Pengesahan UU TPKS juga kembali menegaskan bahwa perlindungan bagi korban kekerasan seksual, baik perempuan, anak, orang dengan disabilitas, dan bagi setiap orang; adalah hak asasi manusia yang dilindungi oleh konstitusi – UUD 1945. Hal ini secara tegas dengan dicantumkannya  Pasal 28 G ayat (2) UUD 1945 sebagai konsiderans dari UU TPKS.

Ada beberapa poin penting yang perlu diapresiasi dari UU TPKS. Pertama, pengakuan atas hak-hak korban kekerasan seksual; kedua, pengakuan akan kewajiban negara atas perlindungan dan pemenuhan hak-hak korban kekerasan seksual; dan ketiga, adanya pengakuan terhadap pentingnya pencegahan kekerasan seksual. UU TPKS tidak hanya menjadi suatu landasan hukum untuk mengatasi kekerasan seksual, tetapi juga landasan untuk mewujudkan Indonesia yang setara dan aman dari ancaman kekerasan seksual.

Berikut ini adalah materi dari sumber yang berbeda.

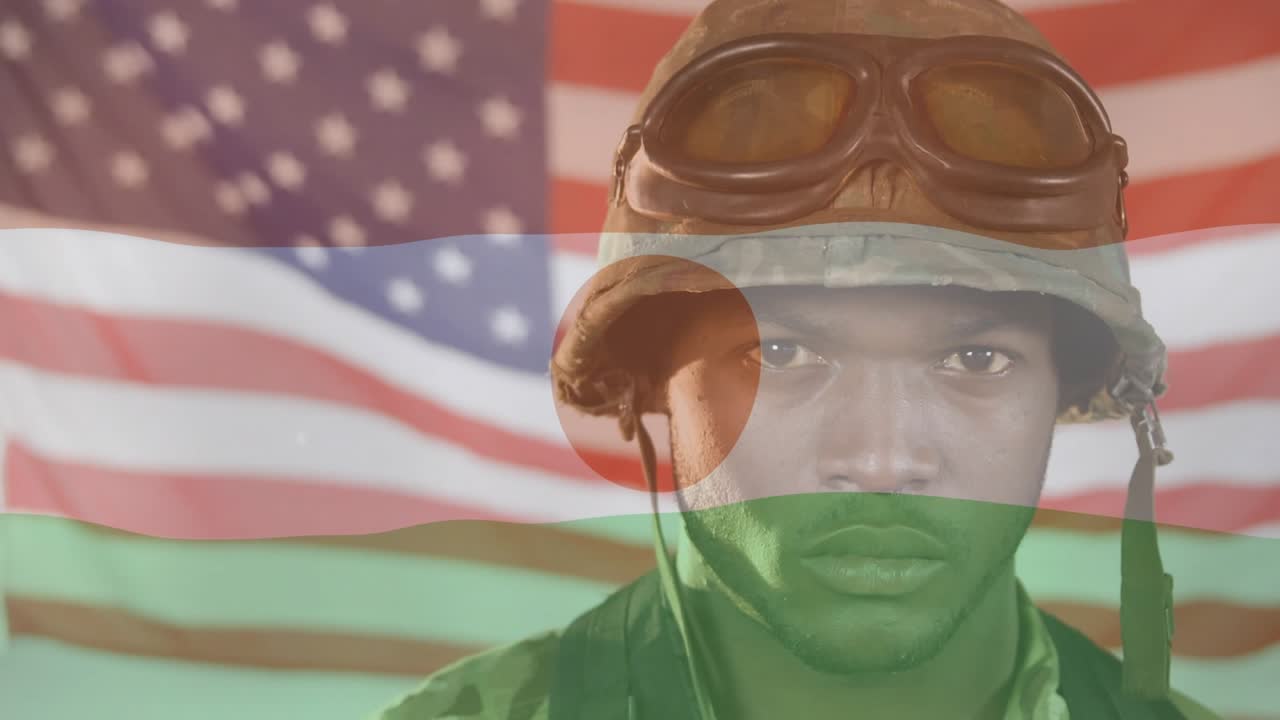 Soldier gripping backpack strap initiating Nigerien flag overlay while displaying American flag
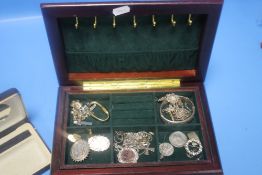 A BOX OF WHITE METAL CHAINS, BROOCHES ETC.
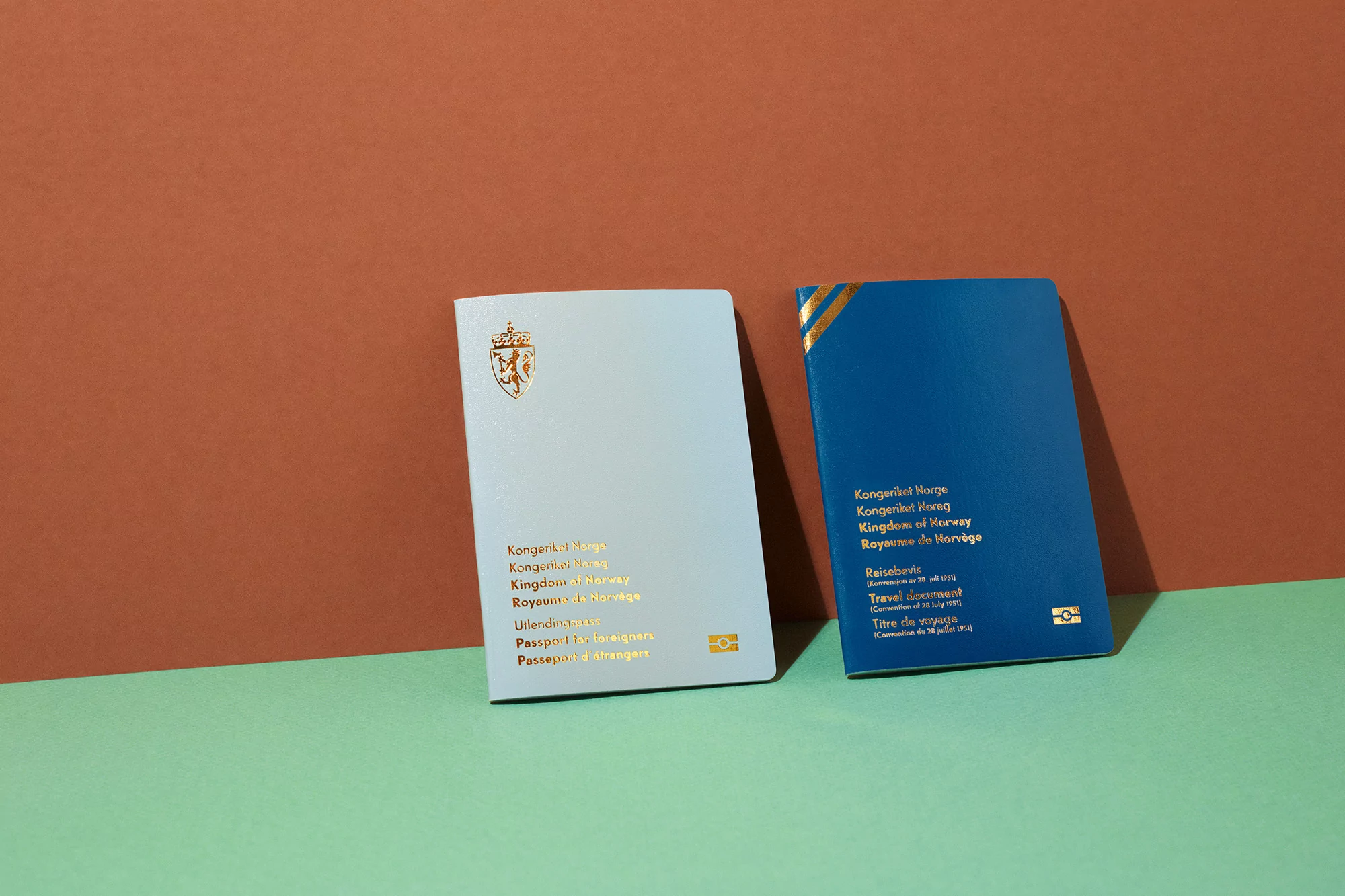 Two passports of Norway, one light blue and one dark blue, sit against a background of red-brown and light green. Travel document.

Atas pencapaian ini, Lokataru Foundation, menyampaikan hormat kepada para perempuan pejuang HAM, para penyintas, dan berbagai individu maupun kelompok yang secara konsisten mendorong lahirnya UU TPKS. Lokataru Foundation juga mengapresiasi kerja keras anggota parlemen yang berusaha mencari titik temu, di tengah polemik yang terjadi sealam pembahasan UU TPKS, hingga akhirnya UU ini dapat disahkan.

Pengesahan UU TPKS adalah sebuah kemajuan penting, namun hal ini masih merupakan pintu masuk bagi tujuan-tujuan untuk mencapai kesetaraan dan perlindungan HAM. Dinamika yang muncul baik di dalam proses deliberasi di DPR, maupun polemik yang berkembang di tengah masyarakat, memperlihatkan beberapa agenda penting pasca pengesahan UU TPKS.

Pertama, perlu segera disusun peraturan pelaksana dari UU TPKS, serta harmonisasi peraturan perundang-undangan lainnya baik pada tingkat nasional maupun tingkat daerah, seperti KUHP, UU PKDRT, dan peraturan perundang-undangan lainnya.

Kedua, perlu dilakukan sosialisasi mengenai isi UU TPKS kepada kementerian dan lembaga terkait yang bertanggung jawab dalam pencegahan maupun penanganan kekerasan seksual, baik lembaga eksekutif maupun yudikatif, serta pengembangan sumber daya baik materi maupun manusia, untuk mendukung pelaksanaan UU TPKS.

Ketiga, perlu dilakukan sosialisasi dan pendidikan publik mengenai tindak pidana kekerasan seksual, sebagai bagian dari pendidikan mengenai penghormatan terhadap kesetaraan gender serta hak asasi manusia.

Pengesahan UU TPKS patut dirayakan sebagai momentum penting (milestone) dari agenda kesetaraan gender serta pemajuan dan perlindungan hak asasi manusia di Indonesia. Tetapi kita perlu melangkah lebih lanjut untuk memastikan bahwa UU TPKS dapat dijalankan secara efektif.